Kim banged on the cell door to let the guard know she, her translator, and her client were ready to come out. The three women crossed the hallway and entered the interrogation room. Upon entering the Spokeswoman ordered Maria Elena to kneel and Cecilia to stand at attention. Then she crisply saluted the Inspector and the other cops in the room by touching her right fist to her left shoulder. The Inspector and the cops saluted back.
In spite of the strict protocol and professional courtesies, Kim and the Inspector intensely disliked each other. Kim felt that the Inspector was a sadist and sexual pervert, while he resented the fact she was foreign-born but still held a position in the Danubian government. However, their mutual dislike did not prevent the two officials from cooperating and working together. Their understanding was that, in exchange for convincing her clients that they needed to share whatever information they had, Kim could expect him to ask for lenient sentence terms during trial. The Inspector was always true to his word in court. As long as Kim's client cooperated with providing information, he tried to convince the trial judge to impose the minimum number of judicial switchings during sentencing.
Maria Elena trembled as she knelt upright. She was terrified of the Inspector and very worried about displeasing her Spokeswoman. Her nakedness left her feeling very vulnerable, while the pain in her bottom, her burning intestines, and her sore stomach reminded her of the consequences of lying.
However, more than anything else, it was the sinister feeling of cold metal around Maria Elena's neck that convinced her that her old life was completely gone.

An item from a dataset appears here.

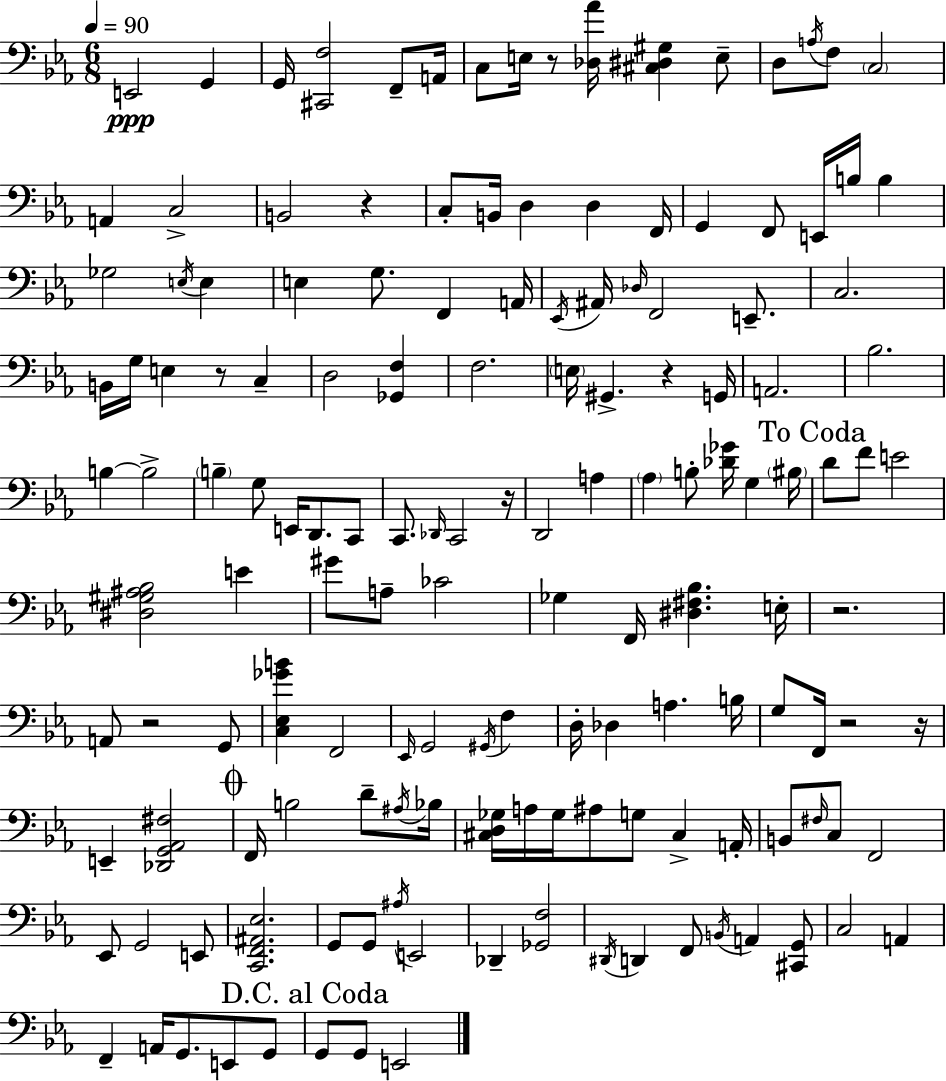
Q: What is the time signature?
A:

She had lost her free will, and now was nothing more than property of a foreign government. The unforgiving feel of the hard object around her neck drove home that point more than anything else that had happened to her that morning. Over and over her Spokeswoman's words repeated themselves in her mind: "the Danubian government now owns you".
Maria Elena's new understanding of her path in life had an immediate effect on her behavior. As soon as she started talking, it was obvious that she would cooperate completely. She found it surprisingly easy to speak honestly about her life as a drug courier. Not that she had all that much useful to tell the interrogation team, but it was clear that she would tell them whatever she knew about her group.